Labradoodle & Goldendoodle Forum
We have an almost 14 month old Goldendoodle, Jake, that is crated in our kitchen while we are gone at work.
We recently got a notice from the city that someone had complained about him barking, "all day long, every day."
We tried a recording device, with mixed results.
It seems that he is barking some for extended lengths of time.
Does anyone have any suggestions, we let him have a Hurley toy and a nylabone in his crate. I would try a stuffed kong but he is perhaps the LEAST food motivated dog I've ever met.
He is already inside, in a crate, with toys, I'm sorry of at a loss as to what to do now.
He rarely bags when we are home and usually only when the door bell rings. He also stops right away.
I'm just worried that if people keep complaining they will force us to rehome him.
Do you take Jake for walks before you leave for work? Does Jake sleep in his crate over night as well? I work Mon-Fri, 9am - 5pm but my husband has a rotating schedule so more often than not, he is home when I'm not. But the days that he ends up working when I do, I'm up at 5:30am and out walking the dogs before I head off to work. It's only a 30-40 minute walk, but it gives them a chance to do their business and burn some energy. That helps a lot and worked well when Chloe was in her crate while we were away. She is now good to be out of the kennel, but I still restrict how much of the house the dogs can roam. My beagle is gated into our sun room while the other two have the kitchen, dining room and living room to roam. I gate off our stairs going to the upstairs level and the basement. I also keep a radio on or the TV to give them some background noise. I'm in the position to be able to go home at lunch, so that hour with them helps as well.
Also, when you put Jake into the crate, do you make a big fuss while doing so? It's always a good idea to say 'good bye' to your pet 15 minutes before leaving the house and say absolutely nothing to them when you leave. Making a big deal about leaving or returning can create separation anxiety.
Our camera allows us to speak through it, if yours does as well, maybe your voice telling him to be quiet might help. Just a thought.
Lindsey, any possibility of taking him to doggy daycare? Maybe you can find one that's in someone's home, which is usually less expensive.
I had really good luck with doggy daycare when Katie was little.

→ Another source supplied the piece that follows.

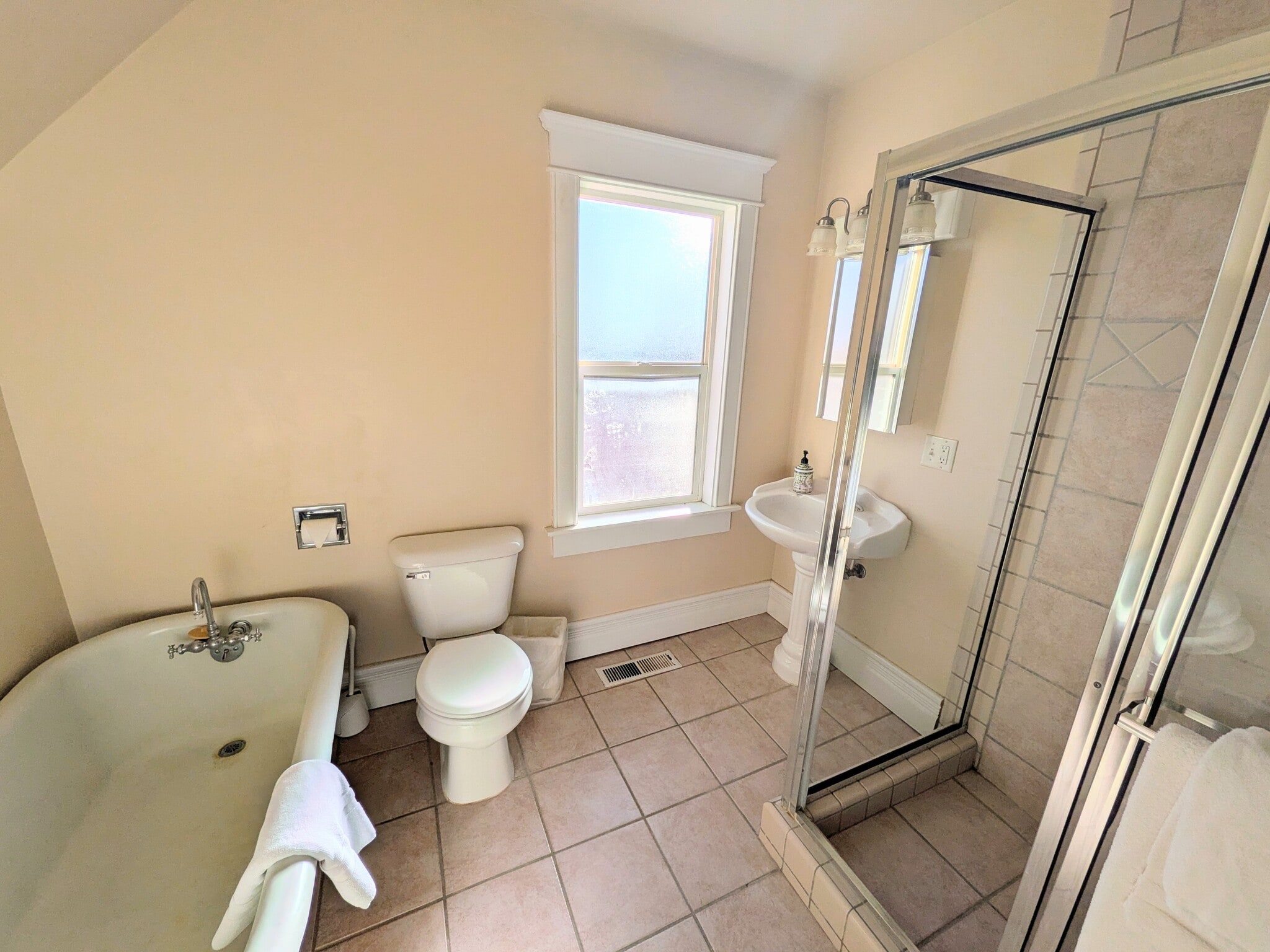 Building Photo - 250 N 100 W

I'm also curious about the type of home you're talking about. I feel like even if one of the dogs was barking in the house it wouldn't be loud enough for my neighbors to hear or complain. In an apartment or townhome situation it might be a different thing. I wonder if maybe he was crated in a different area of the house he would get less stimulation and bark less. Maybe in the kitchen he is hearing car doors slam and the mail man and kids playing and in a back bedroom or a basement there would be less stuff to bark at.
I also had a suggestion for a white noise machine in a post I started about barking that I thought was absolutely genius! It's really hard to train for something that is happening when you aren't there, but if you can just manage the behavior that works too...
Years ago I read that a majority of dog "problems" can be alleviated by giving them more exercise. I really believe that it is true! Consistence exercise has a 'carry over' effect on their body and brains. In other words, hard exercise the evening before or in the morning will still be beneficial even if he isn't crated until later. My guess is that the "destructive chewing" would also be alleviated by more exercise.
Walking is great, but my 2 really need to RUN to burn off energy. I either take them one at a time and bike them or we go out to some country roads and let them run off leash for a while. And, as others have said, Doggy Daycare is a godsend, too! After a day at Daycare, mine are "angelic" for at least 2 days afterward. :-)
I so agree with this. I firmly believe that young retrievers and retriever mixes need to spend some time running off-leash, preferably on a daily basis. It makes them so much easier to live with. With JD, 20 minutes of hard, full-out running did the trick.